Um eine echte Alternative zur US-Dominanz zu schaffen, haben sich mit Nextcloud, Open-Xchange und Univention drei der bedeutendsten europäischen Open-Source-Anbieter zusammengetan und mit SPS eine Lösung für den öffentlichen Sektor geschaffen, die eine digitale Unabhängigkeit ermöglichen soll. Das Akronym SPS steht dabei für Sovereign Productivity Suite, eine speziell für den öffentlichen Sektor entwickelte, webbasierte Open-Source-Kommunikations- und Kollaborations-Suite. »SPS lässt sich schnell und sicher als Teil eines standardmäßig in Europa gehosteten Cloud-Stacks implementieren«, erklärt Frank Hoberg, Mitgründer von Open-Xchange.
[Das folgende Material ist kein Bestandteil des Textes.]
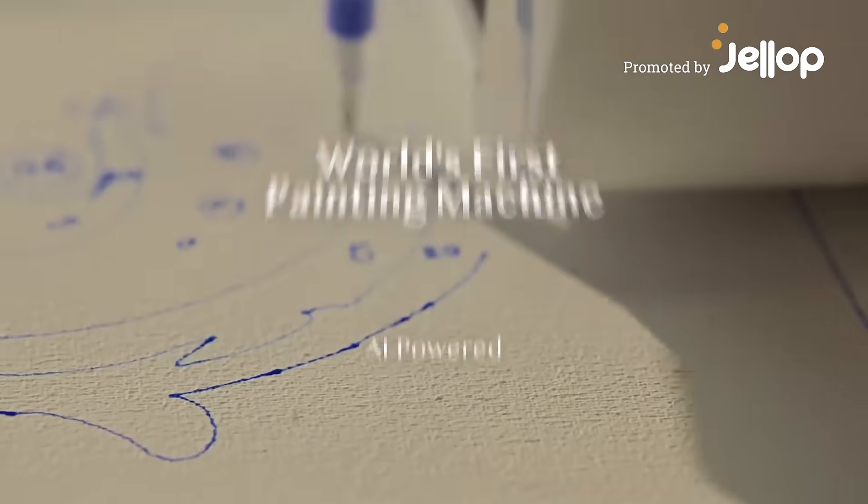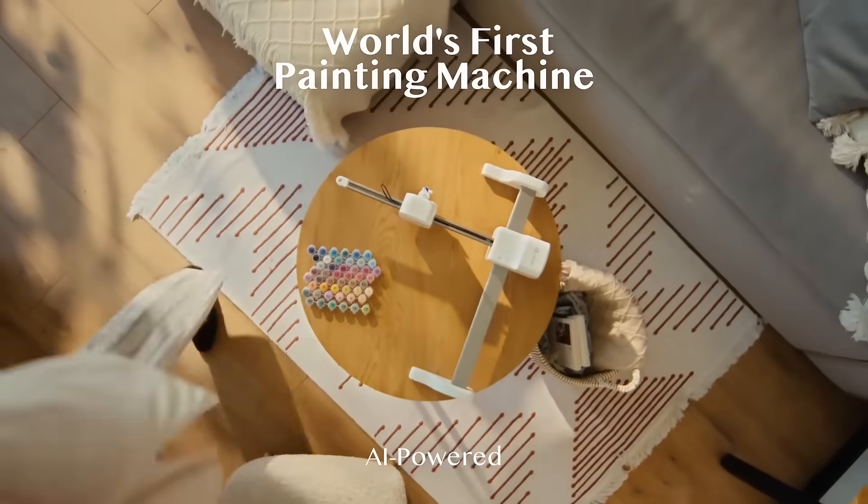Meet iPaint — the smart way to turn your favorite memories into real works of art.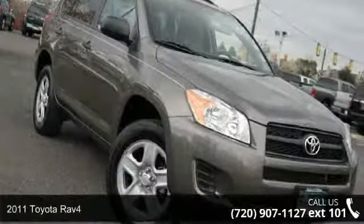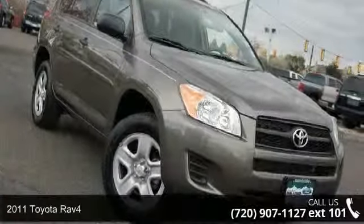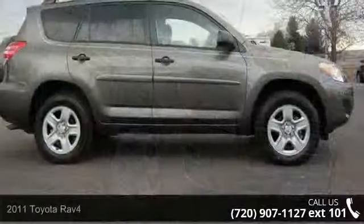Presenting the 2011 Toyota RAV4. If you are looking for a first-rate auto, this one could be yours today.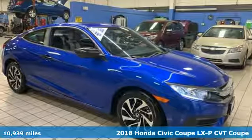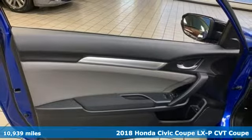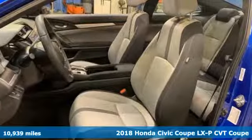It's a 2018 Honda Civic Coupe. Get more mileage out of every drive with this Civic. It comes nicely equipped with features you'll love.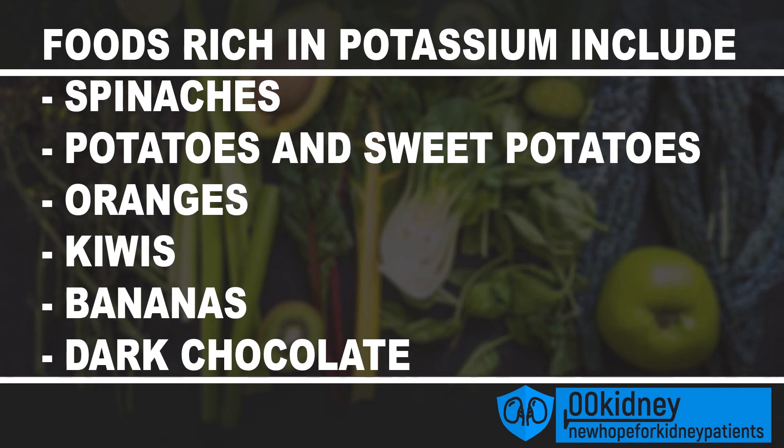A lot of people eat too much sodium and too little potassium. This is very common since healthy foods are rich in potassium, while junk foods and processed foods are full of salt and sodium. So if you have low levels of potassium, very healthy foods rich in potassium that you can add to your diet include spinach, potatoes and sweet potatoes, oranges, kiwis, bananas, and dark chocolate.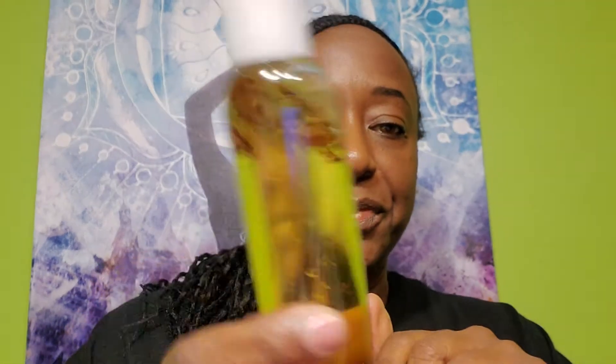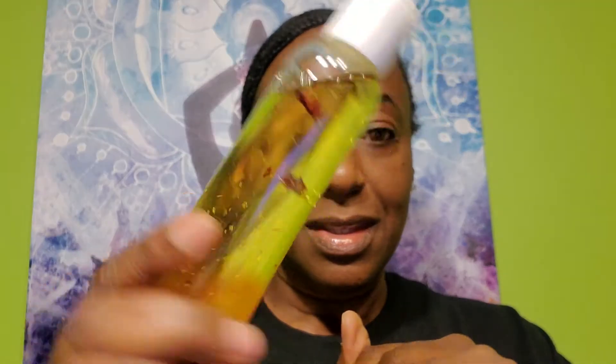It also comes in rose — here's the rose oil, isn't that pretty? So I have the lavender collection and the rose collection available right now.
Spezialisten bilden Alternative zu US-Monopolisten

Organisationen aus dem öffentlichen Sektor können SPS im eigenen Rechenzentrum betreiben oder über einen SPS-Cloud-Partner nutzen. »Der Einsatz offener Software und die Wahlfreiheit, wo diese gehostet wird, bedeuten Transparenz und Kontrolle über die eigenen Daten und Prozesse sowie Unabhängigkeit von einzelnen Herstellern«, sagt Hoberg. »Damit ist eine digitale Souveränität garantiert.« Prinzipiell kann es zwar auch bei quelloffenen Lösungen wie SPS Sicherheitslücken geben. Allerdings können diese anders als bei proprietärer Software innerhalb kürzester Zeit geschlossen werden, ohne dass man auf einen Patch-Day warten muss. Absichtliche hineinprogrammierte Lücken, sogenannte Backdoors, sind bei quelloffener Software sinnlos. Bei Open-Source-Lösungen lässt sich also nichts verstecken und somit kann auch nicht manipuliert werden. So kann man als Behörde oder Unternehmen die Hoheit über die Netzwerktechnologien einfach behalten – ganz ohne Unternehmen aus den USA oder China.
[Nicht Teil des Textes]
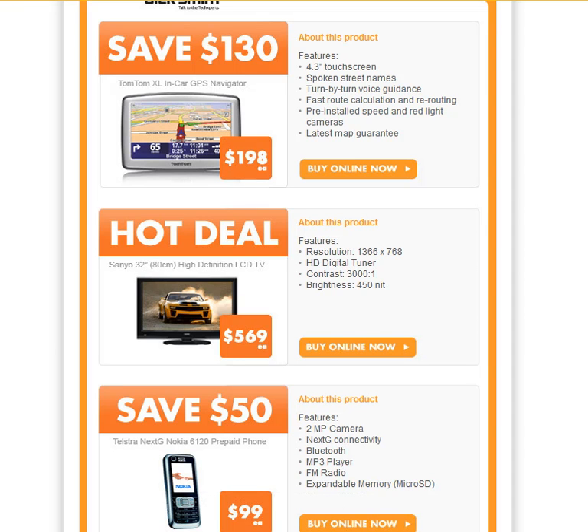Now if Australia's biggest retailer is getting into email marketing, that means you need to as well — otherwise you're going to get left behind and these big companies are going to be walking all over you.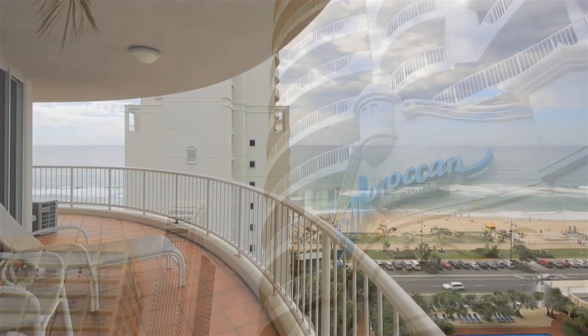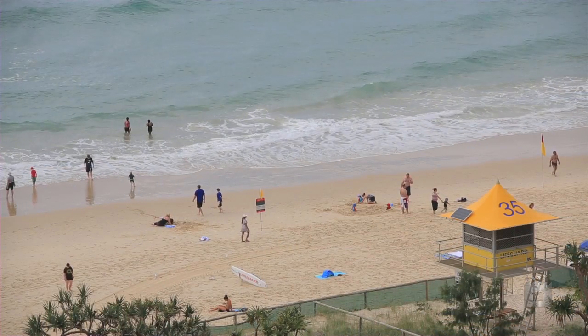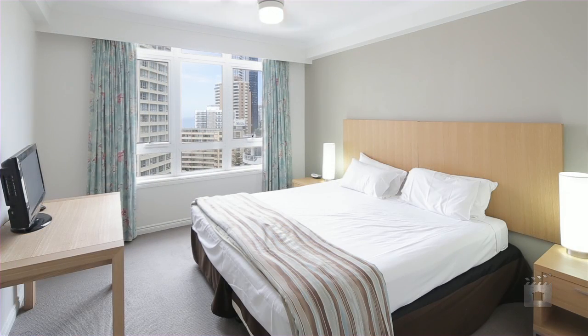The Moroccan View Tower has on offer a 12th floor apartment with a large wraparound balcony overlooking the ocean. This 140 square metre property features two bedrooms and two bathrooms, air conditioning and furnishings.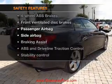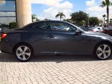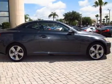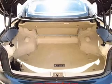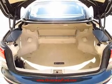And for your peace of mind, the following safety equipment is included: front ventilated disc brakes, passenger airbag, side airbag, traction control, stability control, daytime running lights, and low tire pressure warning.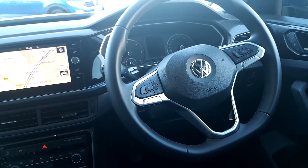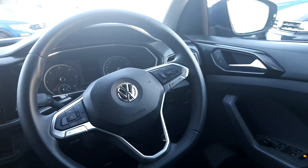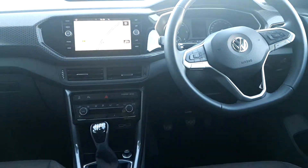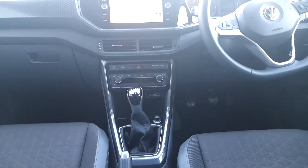You also have a multifunction steering wheel, adaptive cruise control, heated side mirrors, and automatic lights and wipers. So if you're interested in this car, as I said at the beginning of the video, please give us a call. Thank you.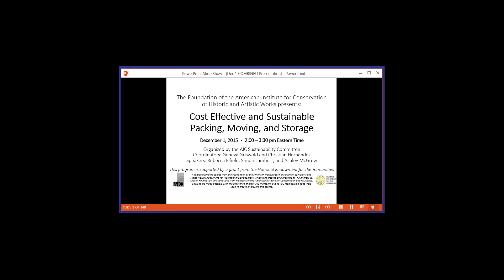Before we start, I have a few housekeeping announcements. Today's presentation will be recorded. A link will be sent to all registrants and a copy will eventually be made openly available on our YouTube channel. Questions will be collected through the questions chat box found in the control panel on the right side of your screen. We're going to read questions out loud so that everybody can hear. Most questions will be held until the end. If your control panel closes, you can open it again by clicking on the small tab in the upper right corner of your screen.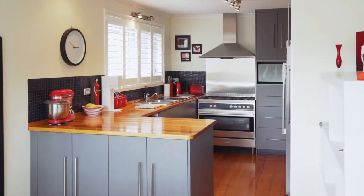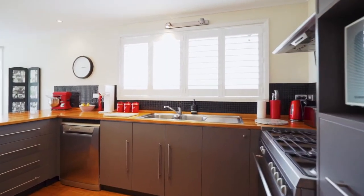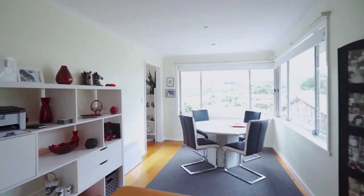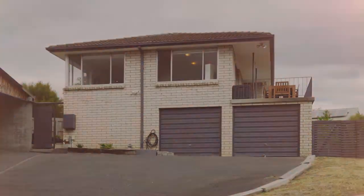The attention to detail in the finishing of this property is absolutely wonderful. Care has been taken in the updating of the kitchen and bathroom. It is always a pleasure to tour perfect family homes like this one — I can't wait to show you through, so give me a call today.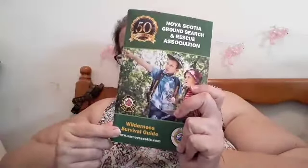The main thing I was interested in getting is the wilderness survival guide. I'm going to read through it, make some notes, and share that with you — but I'll do that in a separate video.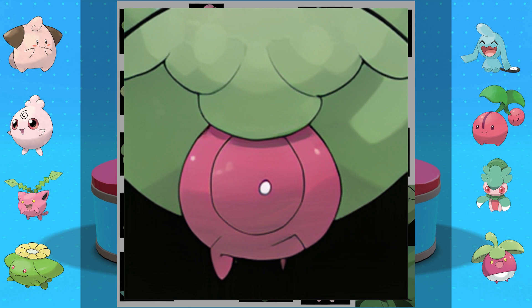This one definitely has kind of a Bounsweet vibe. I really like the fruit-as-Pokemon look. I've been playing Arceus a lot, and I think that looking up in a tree and seeing a Pokemon like this sitting there wouldn't even be surprising or out of place. It definitely has the look of one of those fruit-type Pokemon.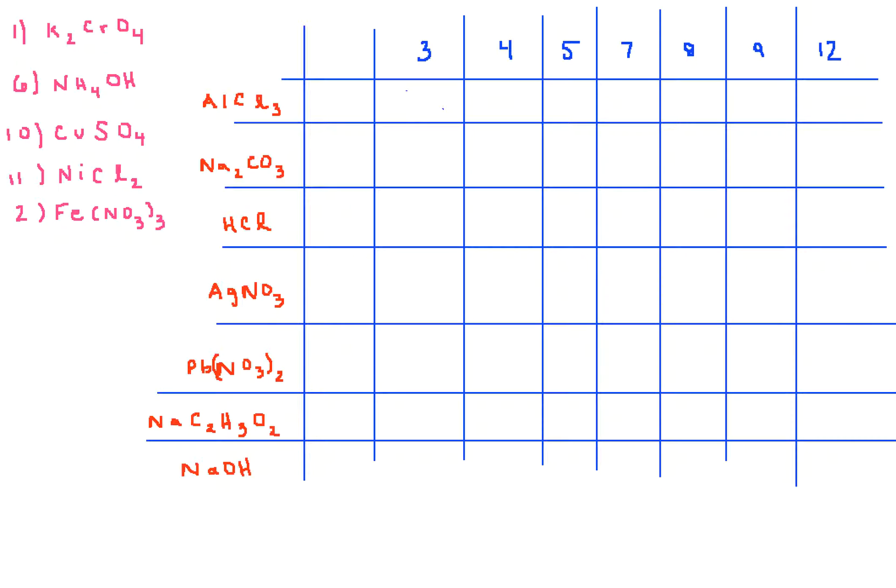Now I'm going to start off with number one and look at how number one reacts with all of the others in order to help eliminate options for number three. If you look at your data table, number one and number three should not have formed a precipitate — there was no precipitate. Which means any compound that would form a precipitate with potassium chromate cannot be number three.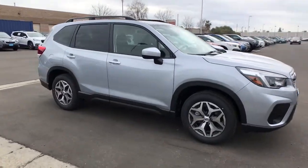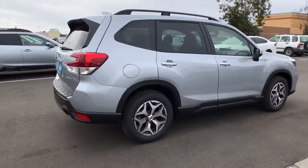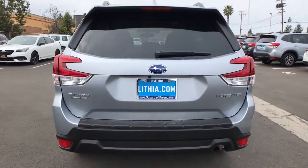Picture yourself in the 2021 Subaru Forester. This well-built Forester delivers confidence, comfort, and capability. Advanced safety tech, a smooth ride, and all-wheel drive position you for success on every journey.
»Ohne digitale Souveränität droht uns eine Welt, in der einige wenige Unternehmen und Staaten die Technologien und damit die Parameter vorgeben, nach denen wir Handel treiben und Wandel gestalten, politische Fragen diskutieren, Entscheidungen treffen und uns als Individuen selbstbestimmt oder eben auch nicht selbstbestimmt entfalten können«, warnt Peter Ganten, CEO Univention GmbH und Vorstandsvorsitzender der Open Source Business Alliance.

Die Zukunft wird jetzt festgelegt

Wie wichtig eine digitale Souveränität vor allem für Behörden und Schulen ist, scheint vielen noch nicht bewusst zu sein. Dabei ist sie die Garantie für den Staat und damit für jede Österreicherin und jeden Österreicher, selbst bestimmen zu können, wer auf mitunter sensible Daten zugreifen kann – und wer nicht. Im Privatleben muss sich jeder selbst nach bestem Wissen und Gewissen schützen. Was den öffentlichen Sektor betrifft und alle Daten, die von Privatmenschen hier verwaltet und gespeichert werden, liegt die Verantwortung klar beim Staat. Demensprechend wichtig ist es für die Zukunft, wie hier jetzt die Weichen gestellt werden.